|Written by Noah Fleming|
|Tuesday, 22 December 2009|
Jason Bateman stars in this film as the owner of an extract company, a company that makes different flavored extract like root beer. His employees are complete incompetent and it is a wonder how he ever got the company off the ground with such ineptitude. Lack of communication is what drives the force of this film and it is easy to say that it gets old after a while. Jason’s character doesn’t communicate with his staff or his wife, and vice versa. The only communication that goes on is between Jason’s character and his best friend, a bartender played by Ben Affleck.
When a grifter, Mila Kunis, joins the extract team as a temporary employee, things begin to get dicey. She is there to get a hold of contact information for an injured employee (the one whose testicles were shot off) in order to persuade him to sue the company for everything it’s worth.
Meanwhile, Jason has lustful cravings for Mila Kunis. Wondering whether he should be feeling guilty, he hires a kid to seduce his wife. Mind you, while this is an entirely idiotic idea, he did come to this decision only after being drugged with a tranquilizer. Before he is able to cancel the order, he finds that the kid went through with it and his wife accepted, many times over. The kid comes back day after day to have his wife.

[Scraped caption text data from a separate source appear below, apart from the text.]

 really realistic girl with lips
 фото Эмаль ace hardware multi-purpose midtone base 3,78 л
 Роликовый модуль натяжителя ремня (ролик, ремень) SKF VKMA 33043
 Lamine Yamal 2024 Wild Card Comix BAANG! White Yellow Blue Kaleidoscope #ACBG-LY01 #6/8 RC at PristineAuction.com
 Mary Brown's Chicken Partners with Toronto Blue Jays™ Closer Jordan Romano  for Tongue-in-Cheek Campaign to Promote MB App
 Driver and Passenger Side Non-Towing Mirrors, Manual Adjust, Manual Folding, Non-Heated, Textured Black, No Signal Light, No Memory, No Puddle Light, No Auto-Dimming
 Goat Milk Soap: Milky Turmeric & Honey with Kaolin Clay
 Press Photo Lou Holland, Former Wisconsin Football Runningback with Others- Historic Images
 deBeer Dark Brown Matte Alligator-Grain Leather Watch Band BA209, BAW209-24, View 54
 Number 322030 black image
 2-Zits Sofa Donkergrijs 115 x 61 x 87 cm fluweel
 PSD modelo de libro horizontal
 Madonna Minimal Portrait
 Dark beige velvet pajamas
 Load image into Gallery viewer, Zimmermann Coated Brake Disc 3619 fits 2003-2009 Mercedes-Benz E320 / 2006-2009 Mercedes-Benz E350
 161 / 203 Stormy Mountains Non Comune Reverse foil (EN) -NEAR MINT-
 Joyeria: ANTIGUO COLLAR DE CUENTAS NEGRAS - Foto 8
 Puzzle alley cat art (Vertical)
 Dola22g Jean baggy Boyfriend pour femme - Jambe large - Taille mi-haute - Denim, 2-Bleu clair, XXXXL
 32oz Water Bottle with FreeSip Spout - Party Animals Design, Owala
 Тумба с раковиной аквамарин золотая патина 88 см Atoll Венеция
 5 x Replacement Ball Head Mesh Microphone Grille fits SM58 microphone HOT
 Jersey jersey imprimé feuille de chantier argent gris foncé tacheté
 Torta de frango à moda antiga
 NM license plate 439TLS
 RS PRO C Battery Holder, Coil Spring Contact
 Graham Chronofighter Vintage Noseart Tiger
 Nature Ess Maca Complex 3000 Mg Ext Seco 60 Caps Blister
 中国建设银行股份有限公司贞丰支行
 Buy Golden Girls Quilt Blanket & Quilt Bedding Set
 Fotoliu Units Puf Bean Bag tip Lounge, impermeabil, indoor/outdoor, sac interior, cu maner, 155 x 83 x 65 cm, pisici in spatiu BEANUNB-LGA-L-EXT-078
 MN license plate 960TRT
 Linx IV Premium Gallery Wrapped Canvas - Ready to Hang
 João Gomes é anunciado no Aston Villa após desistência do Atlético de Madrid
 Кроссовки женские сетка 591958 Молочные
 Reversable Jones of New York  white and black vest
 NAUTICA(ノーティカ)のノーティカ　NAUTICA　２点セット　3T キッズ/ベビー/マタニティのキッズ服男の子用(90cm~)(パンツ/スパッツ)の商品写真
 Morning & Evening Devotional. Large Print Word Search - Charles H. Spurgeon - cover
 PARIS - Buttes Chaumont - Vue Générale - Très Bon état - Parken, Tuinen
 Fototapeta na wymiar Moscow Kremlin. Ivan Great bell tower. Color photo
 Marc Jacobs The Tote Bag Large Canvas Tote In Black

This is my favorite part, when the showdown between Jason’s character and his wife occurs the wife is able to make everything seem like his fault. He is the bad guy, like he did the cheating. It is a complete double standard in filmmaking. A man can do the cheating but can never be the one who is cheated on.
It is always a pleasure to see Mila Kunis and Kristen Wiig onscreen, but sadly the story is trite and uneventful. This is a good attempt, but only an average succeeding.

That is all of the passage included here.